EXERCISE:
Work out how many lines in the entries below include the word "that". Give nothing but the number.

INPUT DATA:
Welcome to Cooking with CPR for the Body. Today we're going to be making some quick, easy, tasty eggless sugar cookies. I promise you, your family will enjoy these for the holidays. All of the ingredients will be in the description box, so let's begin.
---
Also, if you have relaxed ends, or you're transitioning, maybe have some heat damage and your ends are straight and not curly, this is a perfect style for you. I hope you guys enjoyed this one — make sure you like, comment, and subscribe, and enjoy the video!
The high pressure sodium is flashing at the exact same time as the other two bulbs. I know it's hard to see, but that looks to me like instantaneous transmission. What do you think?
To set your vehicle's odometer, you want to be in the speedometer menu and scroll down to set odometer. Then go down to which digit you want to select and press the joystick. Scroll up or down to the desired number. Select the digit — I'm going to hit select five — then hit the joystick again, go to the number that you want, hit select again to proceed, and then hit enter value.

SOLUTION:
2